My oldest son was just a 2-month-old baby when he went on his first flight, from New York to Minnesota, and not quite 4 months old when I flew with him, solo, from New York to California. Both times I nursed him on demand, and both times he remained pretty much quiet and content. No, I didn't use Benadryl. Yes, I thanked my lucky stars—not to mention the kind Jet Blue flight attendant who kept an eye on him while I dashed to the bathroom.
Eight years later, my son and his 3-year-old brother are both good travelers. (Let me pause from typing for a moment to knock on wood.) But few topics bring out the Internet trolls more than kids—specifically, babies—on planes. Just two weeks ago we wrote about three women who came to blows over a crying baby on an Air China flight. And more than one story about parents giving out "goody bags" to fellow passengers has gone viral in recent years.

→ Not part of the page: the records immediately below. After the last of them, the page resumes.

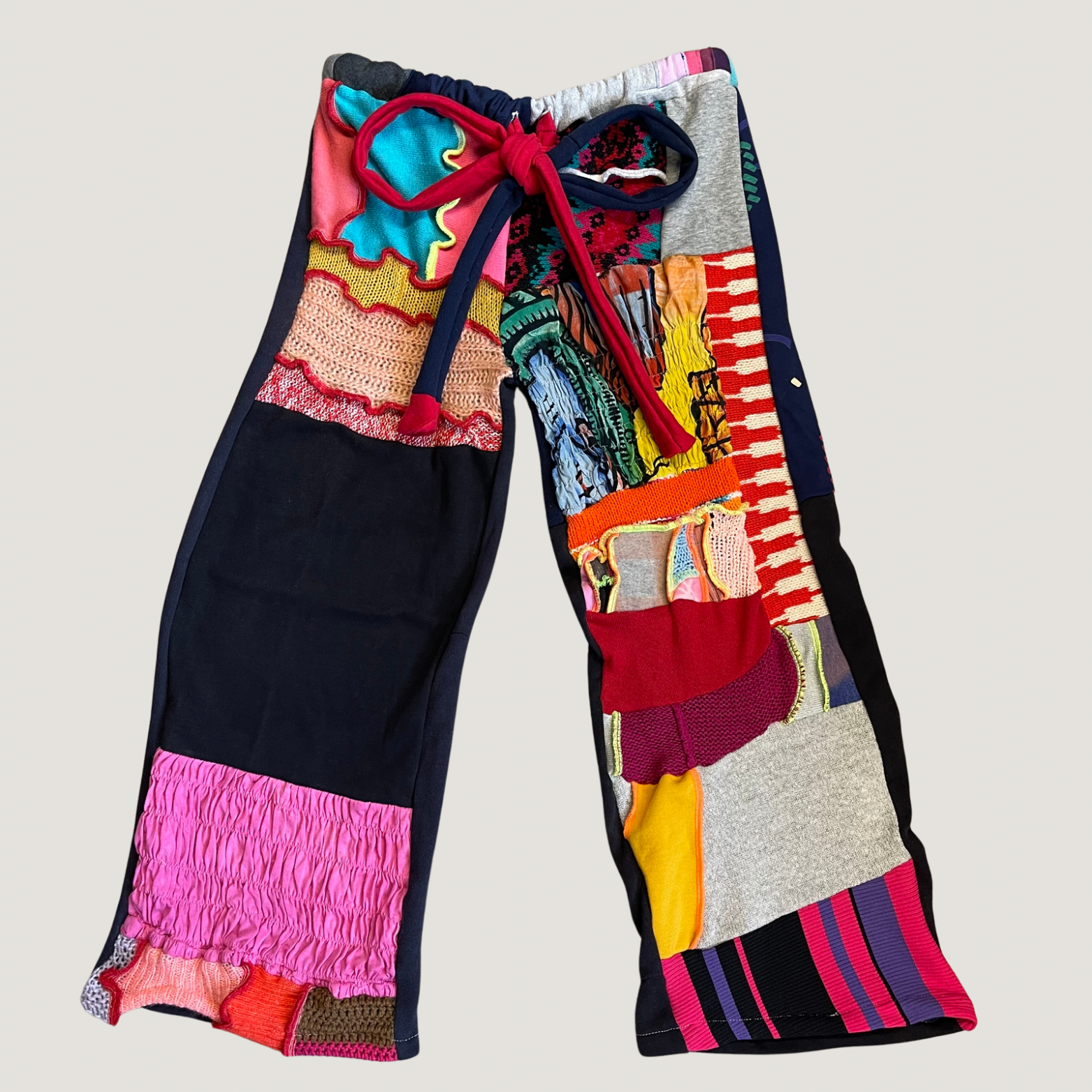 PATCHWORK TROUSERS / 2081. / M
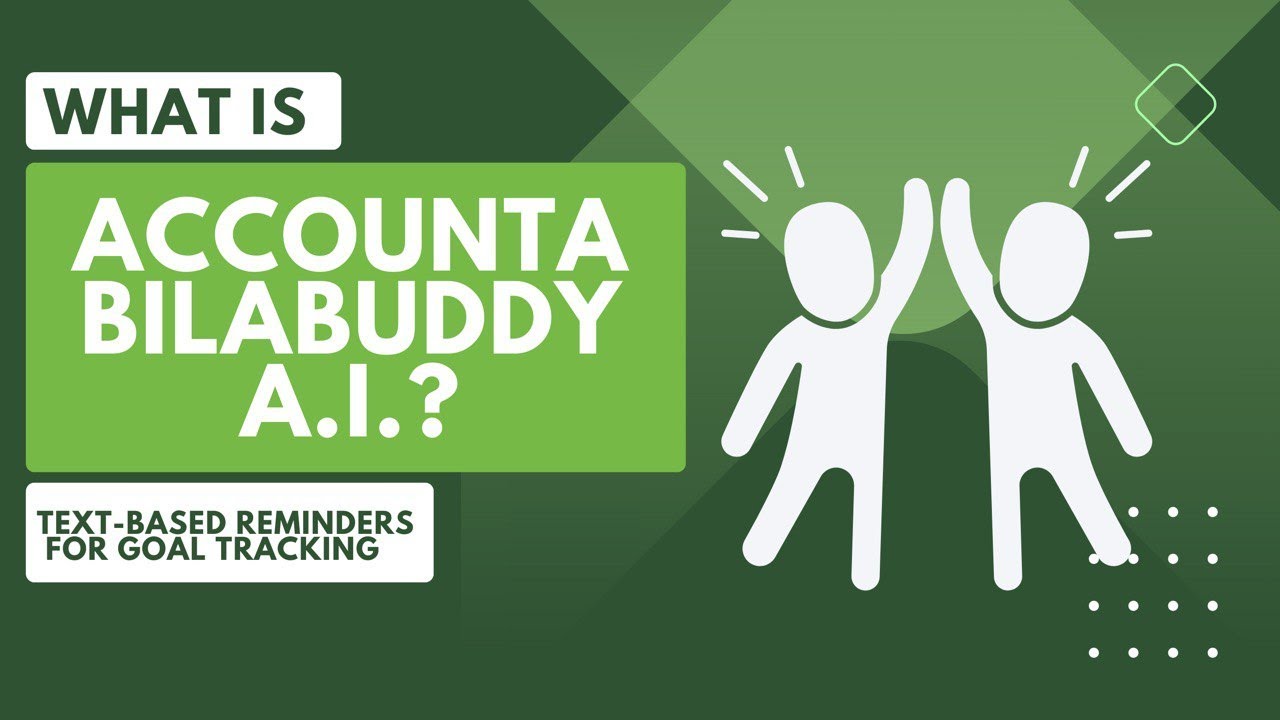 What is Accountabilabuddy A.I.? (Text-based reminders for goal tracking)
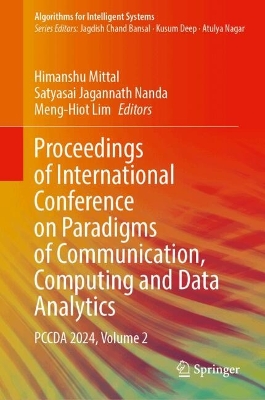 Proceedings of International Conference on Paradigms of Communication, Computing and Data Analytics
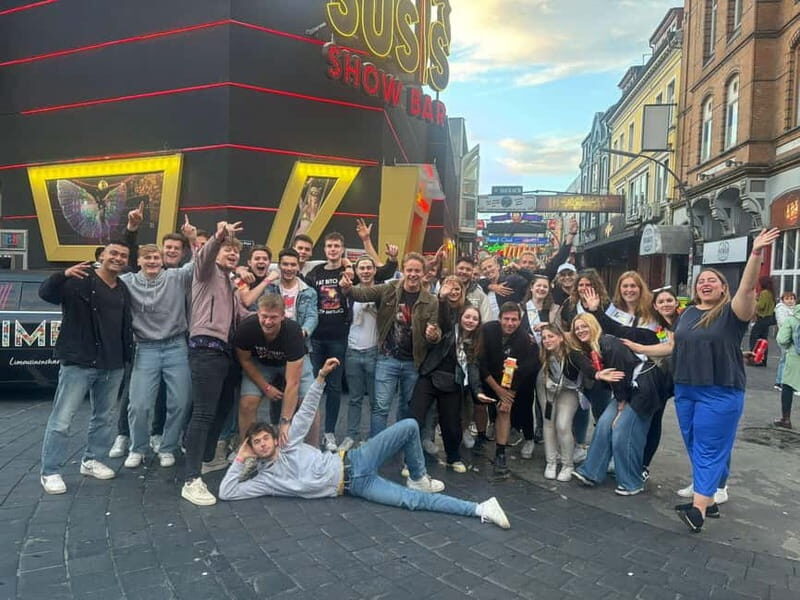 St Pauli - Reeperbahn PubCrawl – The Original Since 2008 - Beatles-Platz Meeting Point: Finding the Guide Without Stress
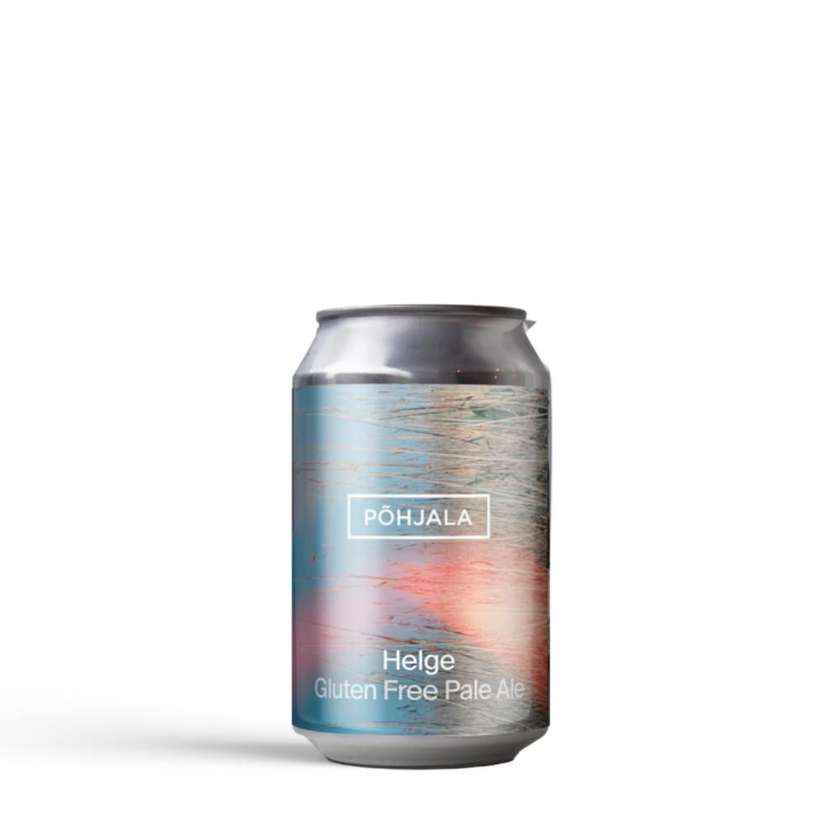 Pohjala - Helge -Pale ale (Gluten free) 0.33L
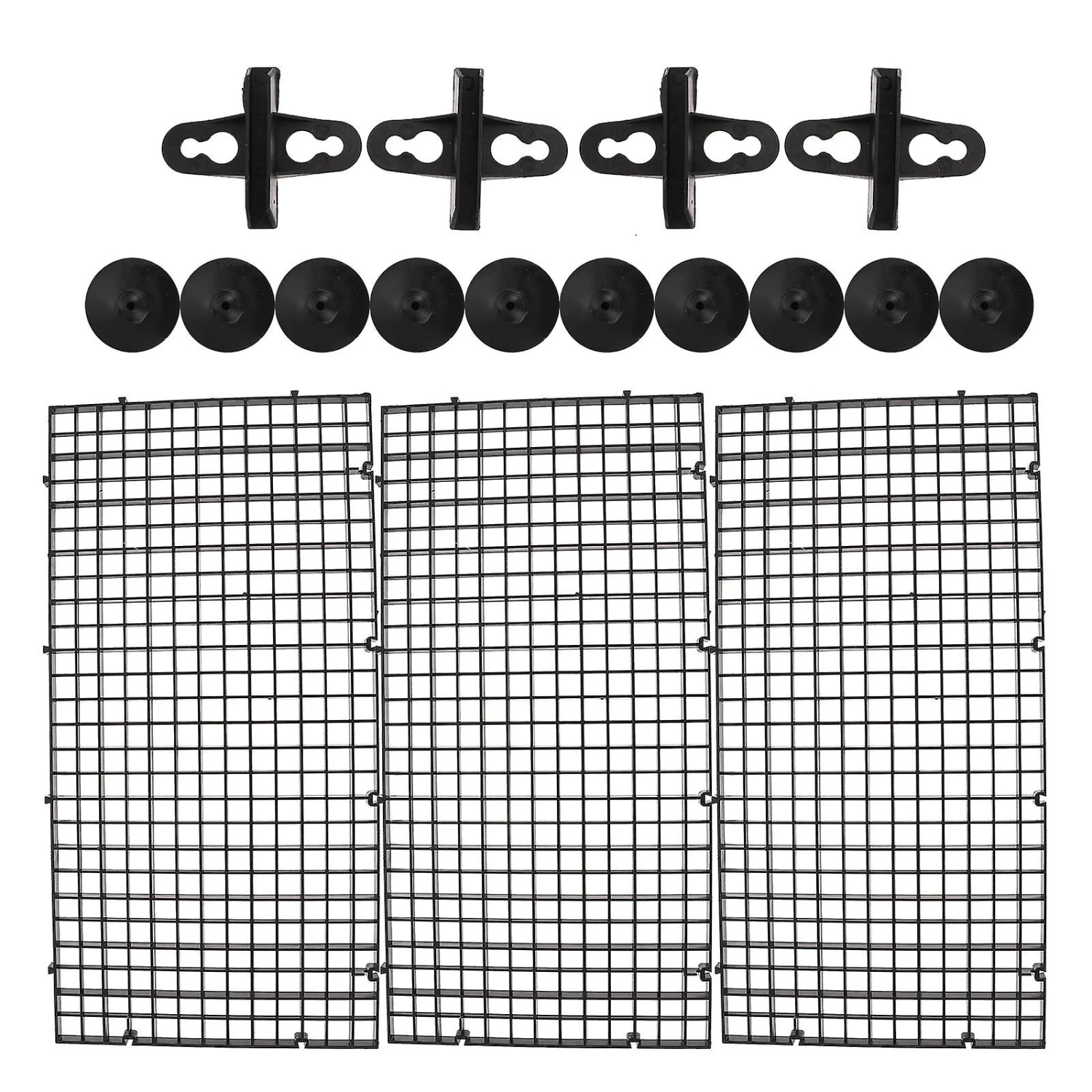 1 Set Aquarium Isolation Mesh Aquarium Divider Fish Tank Dividing Net Fish Tank Supplies - Image 2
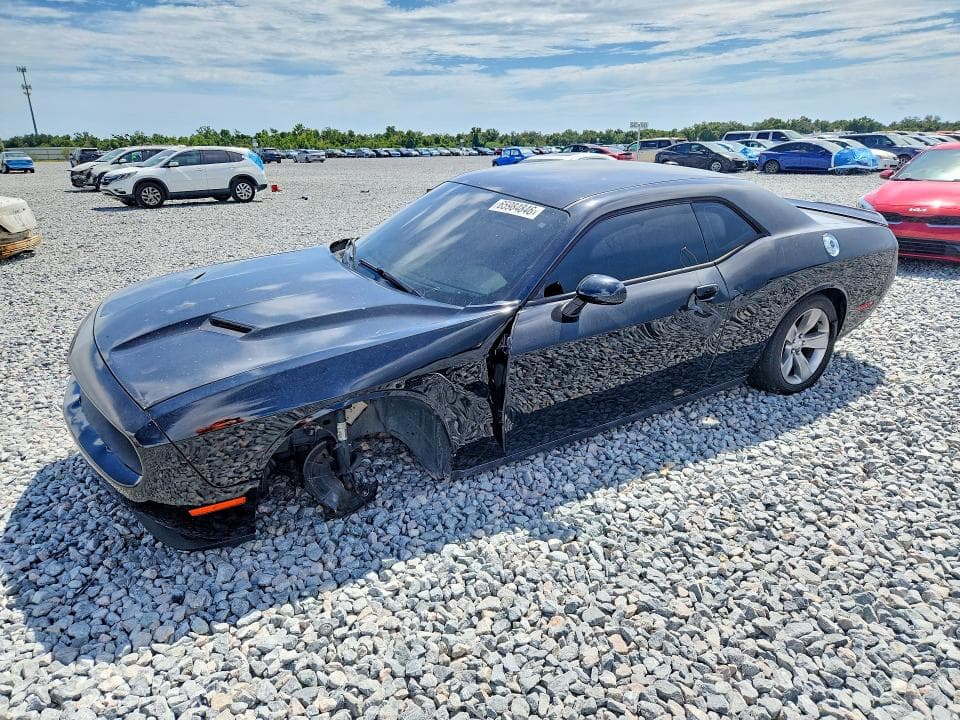 2019 DODGE CHALLENGER SXT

Let me just say I'm not a goody bag fan (unless it's this version)—which is why I was intrigued by this recent blog post arguing against the practice by Today Parents Senior Editor Rebecca Dube. In her piece, "Why you shouldn't give out goody bags while flying with a baby," Dube writes,
Babies are babies, and sometimes they cry. Everyone needs to just accept that reality and get over it.
No offense to these new parents, who are almost certainly lovely people. They did a nice thing and made people smile. But they're part of a dangerous trend: People apologizing, or being made to feel they should apologize, for having children.
The mom of two continued: "I'd be thrilled if someone gave me a bag of treats. I'm not one to turn down free candy. But we're at a weird cultural place in America now where some parents are so entitled and clueless they do things like letting their young children poop in the middle of a restaurant, while other parents are so scared of offending anyone that they go around apologizing for normal kid behavior. Surely, there's a middle ground here called common sense."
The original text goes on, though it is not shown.